# Convection plate placement



## horizonsmkr (Jul 31, 2018)

I have a horizon 20” with convection plate. Recently have been getting inconsistent temps accross the cooking surface. Should I play with the placement of the convection plate? I have read anywhere from no gap to 2inch gap between the plate and firebox.


----------



## kruizer (Jul 31, 2018)

I leave the tuner plate in my OK Joe Highland up tight against the firebox. Works great.


----------



## daveomak (Aug 1, 2018)

Increase the air flow across the smoker...   Best done with an upper air inlet....

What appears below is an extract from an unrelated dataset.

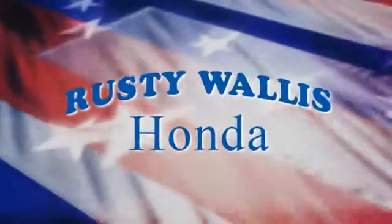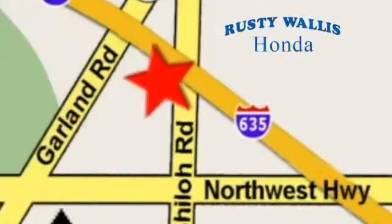At Rusty Wallace Honda, our primary goal is to satisfy our customers. Stop in today. We're easy to find just off I-635 at Shiloh Road.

Lower inlet adjusts the heat by burning the fuel hotter or cooler....
Upper inlet moves the heat to the CC and through the CC...
When you get it balanced, it's a thing of beauty with even temps and no creosote...


----------



## Smokin Okie (Aug 1, 2018)

horizonsmkr said:


> I have a horizon 20” with convection plate. Recently have been getting inconsistent temps accross the cooking surface. Should I play with the placement of the convection plate? I have read anywhere from no gap to 2inch gap between the plate and firebox.



Fella here,  called Horizon and posted what they told him 

https://www.bbq-brethren.com/forum/showthread.php?t=111780


----------



## horizonsmkr (Aug 1, 2018)

Thanks. I knew I read that before but couldn’t find it. Kind of illogical at first but when you think about how/ why it works it does make sense. I plan on playing with the gap to see what works best.


----------



## Smokin Okie (Aug 1, 2018)

I think I would call Horizon and talk with them.   

The fella in that thread had a 16" ,  I've heard Horizon tries to push customers to the 20 or 24 , because the 16 has air flow issues. 

So yours might be different.


----------